Memorial service for Holmwood 4
MANDEVILLE, Manchester — The lives of teenagers Shakeria Muschette, Okeen Gordon, Kimona Levy and Tameka Peart were honoured in song and speech during a memorial service lasting three-and-a-half hours Wednesday.
Most crucial of all were pledges from school and community leaders that the four Holmwood Technical High School students, who perished in a catastrophic bus crash allegedly triggered by improper overtaking on September 25, will not have died in vain.
The hundreds packed into the Holmwood auditorium in Christiana, including parents and families of the crash victims, heard of plans to not only sustain an orderly transport system for Holmwood but for other schools in the wider Manchester.
“We cannot and must not allow these children’s lives to go in vain without us learning important lessons and taking significant action as a result,” said member of parliament for North East Manchester Audley Shaw, who is himself a Holmwood past student.
“What we have to do is seek to have a comprehensive plan that takes into account all of our children, and that is what we are doing,” said the former finance minister, who is challenging Andrew Holness for leadership of the Opposition Jamaica Labour Party.
Shaw reminded the audience that 11 coaster buses dedicated to transporting Holmwood students had so far been contracted by the school, with more to come under a programme launched on Monday.
This service was being complemented by two larger buses operated by the school.
Shaw said State-owned Jamaica Urban Transit Company buses, which had operated in the days following the crash, would continue “for this week” for the benefit of other children going to and from Christiana and Mandeville — most notably for students of Christiana High School.
He said $300,000 drawn from his Constituency Development Fund would go towards that project.
A meeting was scheduled for yesterday with principals of a number of high schools in Mandeville and northern Manchester “because kids from up this way are going to those schools in Mandeville”, Shaw said.

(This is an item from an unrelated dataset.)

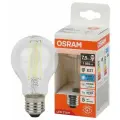 Лампа Светодиодная Груша 7.5Вт 220-240В E27 1055Лм 6500К Угол 300 град. d 60mm h 105mm Филаментная Стекло Свет Холодный белый Osram, уп. 2шт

While Holmwood Technical has suffered most from fatalities and serious injuries as a result of such road mishaps, students from several schools have been victims in crashes on the steep winding roads of northern Manchester and south Trelawny in recent years. In 2011, four Holmwood students died in one such bus crash.
In the latest tragedy, one of two bus drivers involved is before the courts on manslaughter charges.
Shaw appealed for co-operation from all concerned, including students, parents, school and community, to ensure that the new dedicated system does not break down. He insisted that there should be no return to the “disorder” and absence of accountability which previously prevailed.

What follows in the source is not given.